_TO DO_.
What is needed is an exact reproduction of the lines in the records below, starting at the line with "Idosa é espancada" and ending at the line with "宾利首款电动 SUV 路测图曝光：WLTP 工况 560 公里 + 近 1000 马力", both included, and nothing else; pictures stay out.

_GIVEN INFORMATION_.
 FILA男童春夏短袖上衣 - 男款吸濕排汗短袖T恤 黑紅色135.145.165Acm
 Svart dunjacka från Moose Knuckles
==
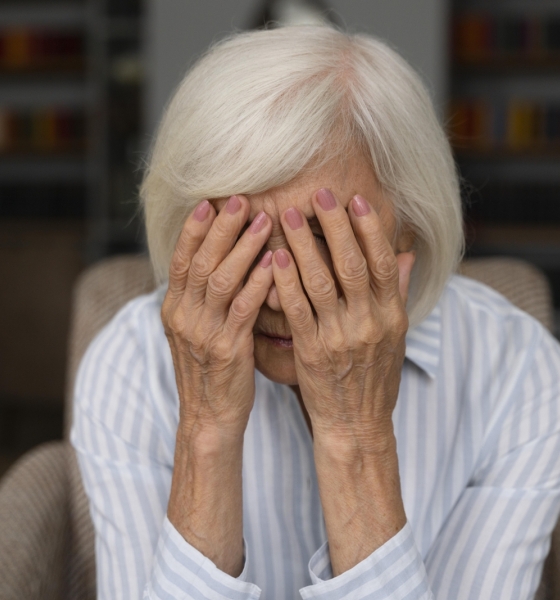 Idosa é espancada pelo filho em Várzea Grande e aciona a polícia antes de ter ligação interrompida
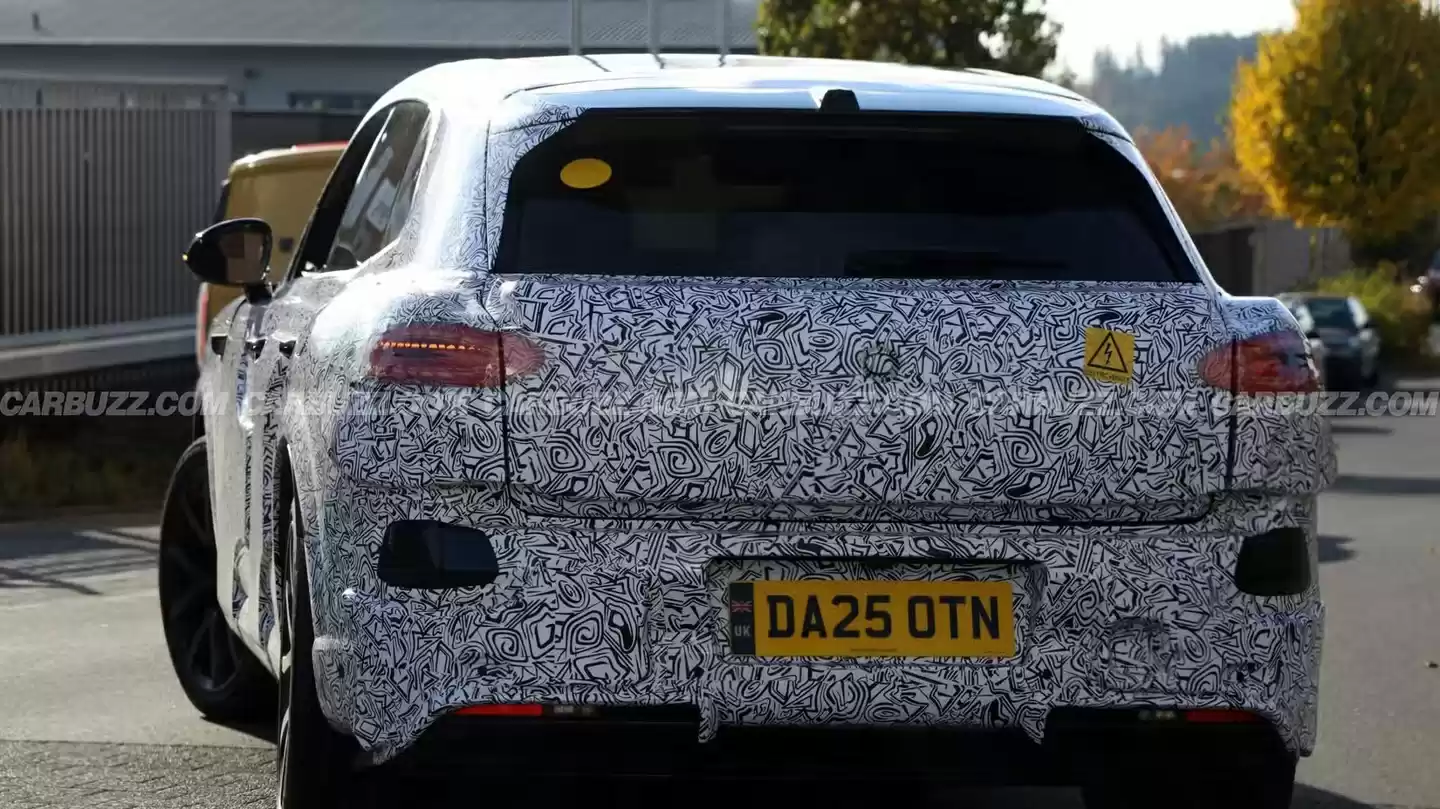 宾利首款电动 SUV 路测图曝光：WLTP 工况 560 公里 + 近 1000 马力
==
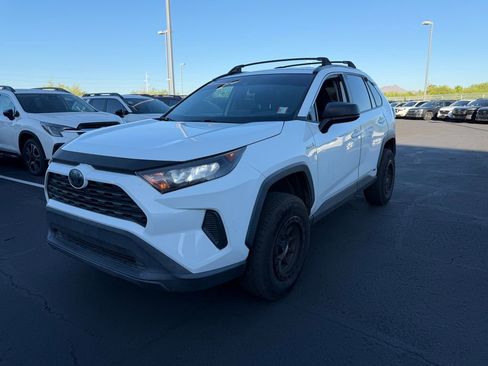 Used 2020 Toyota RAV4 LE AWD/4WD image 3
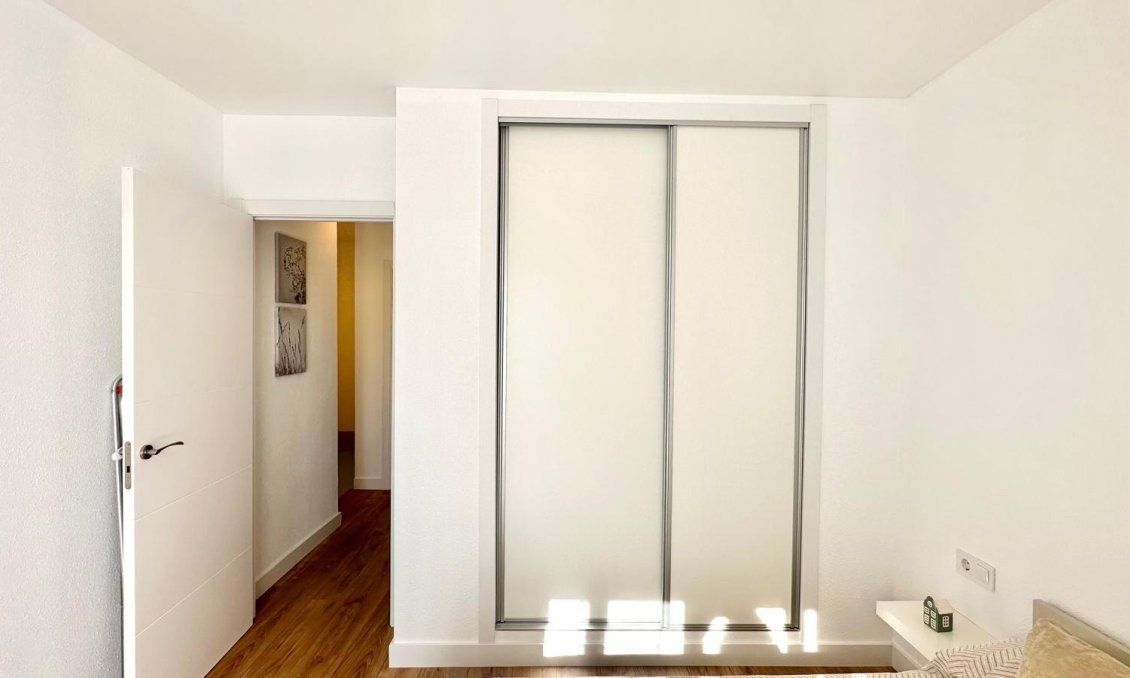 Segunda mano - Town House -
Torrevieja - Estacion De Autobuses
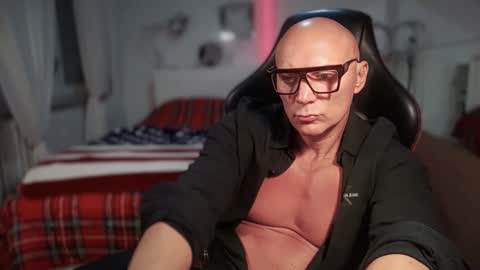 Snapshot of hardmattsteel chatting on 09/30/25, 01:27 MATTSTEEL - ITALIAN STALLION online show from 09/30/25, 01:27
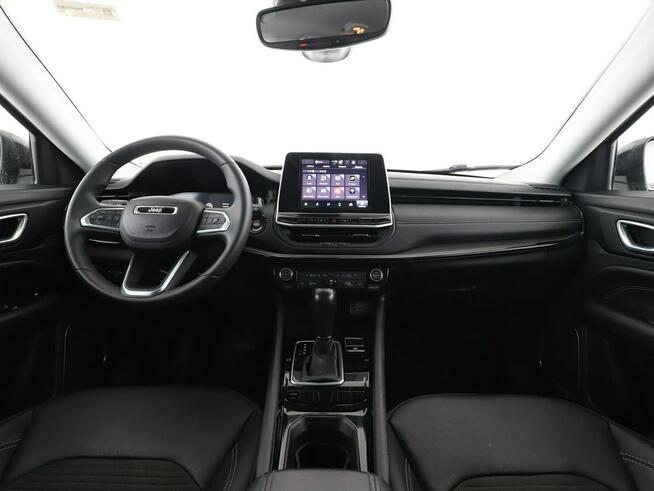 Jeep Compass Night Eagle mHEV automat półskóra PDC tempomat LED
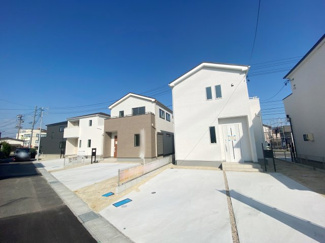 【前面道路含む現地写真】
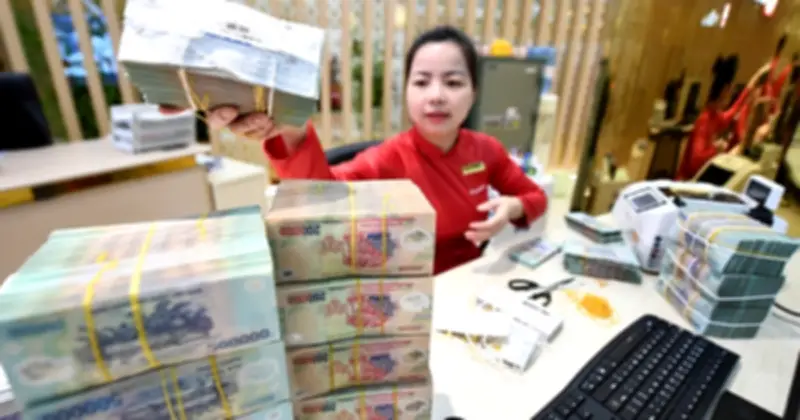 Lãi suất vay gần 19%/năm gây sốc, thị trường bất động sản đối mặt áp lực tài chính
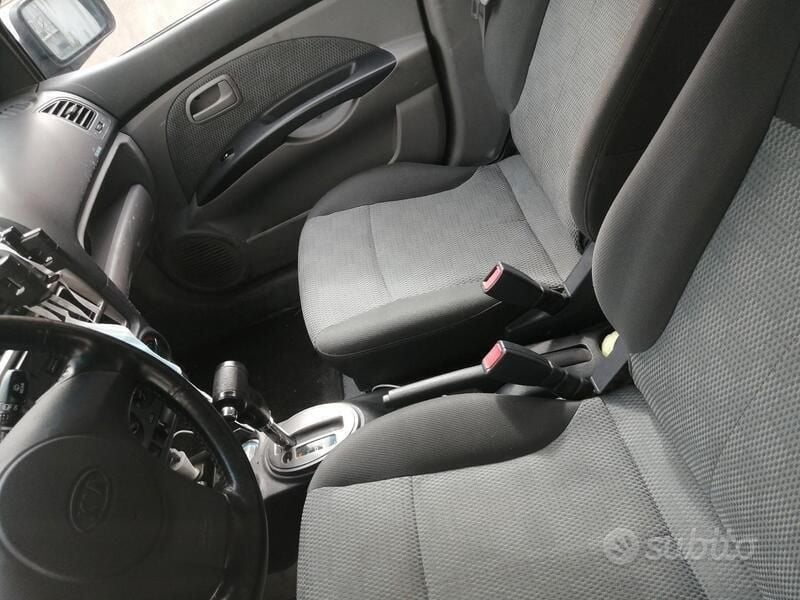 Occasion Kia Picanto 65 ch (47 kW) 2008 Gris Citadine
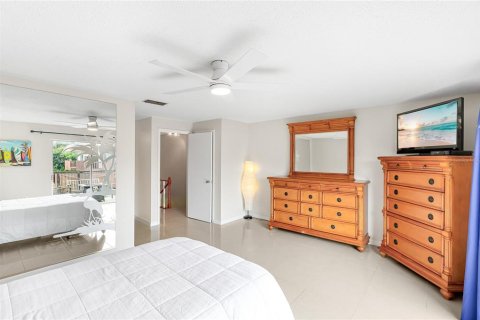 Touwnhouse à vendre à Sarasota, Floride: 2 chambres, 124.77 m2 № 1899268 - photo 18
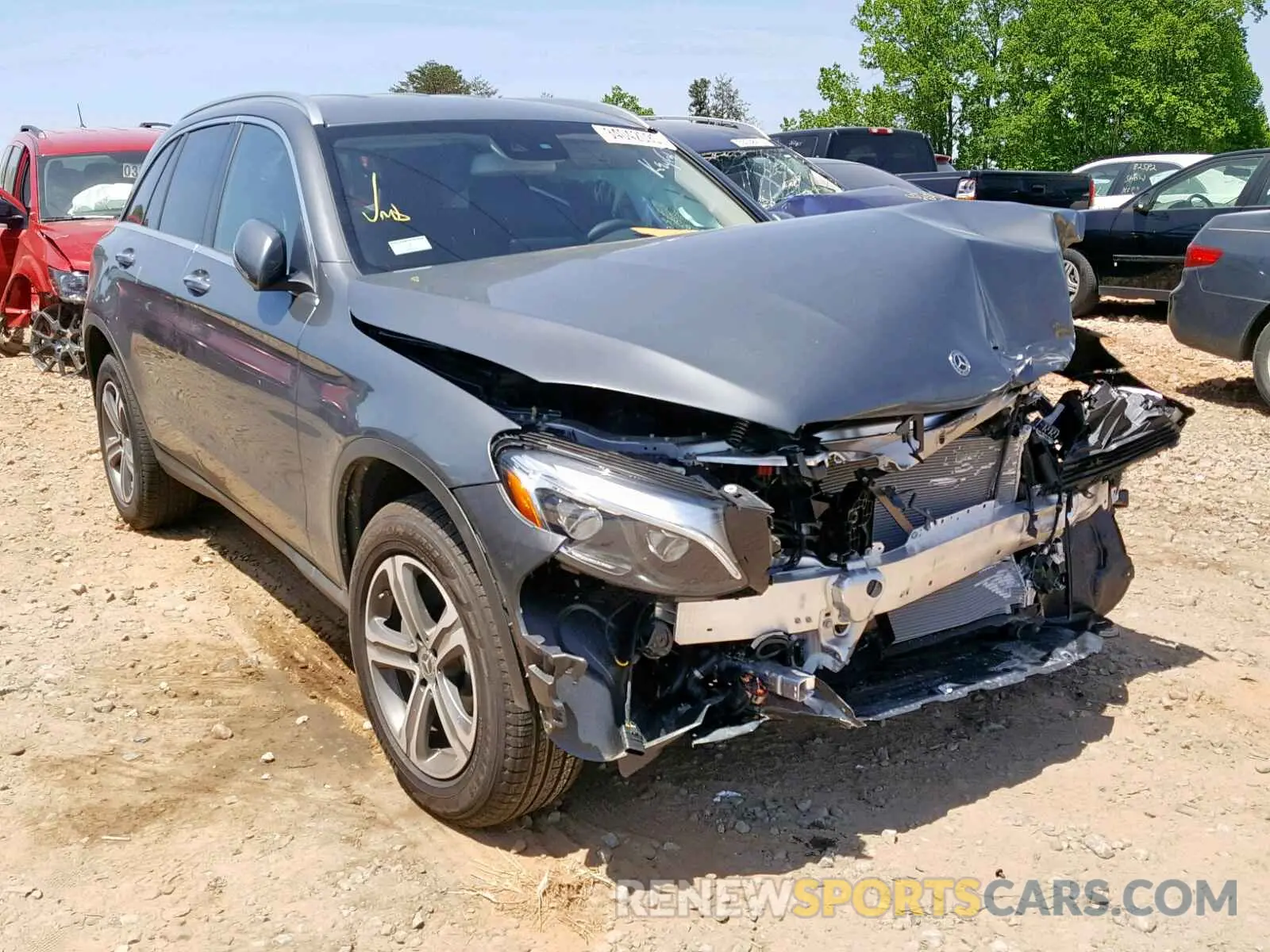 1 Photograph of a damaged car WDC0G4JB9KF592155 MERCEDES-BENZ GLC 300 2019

_SOLUTION TO THE PROBLEM_.
 Idosa é espancada pelo filho em Várzea Grande e aciona a polícia antes de ter ligação interrompida
 宾利首款电动 SUV 路测图曝光：WLTP 工况 560 公里 + 近 1000 马力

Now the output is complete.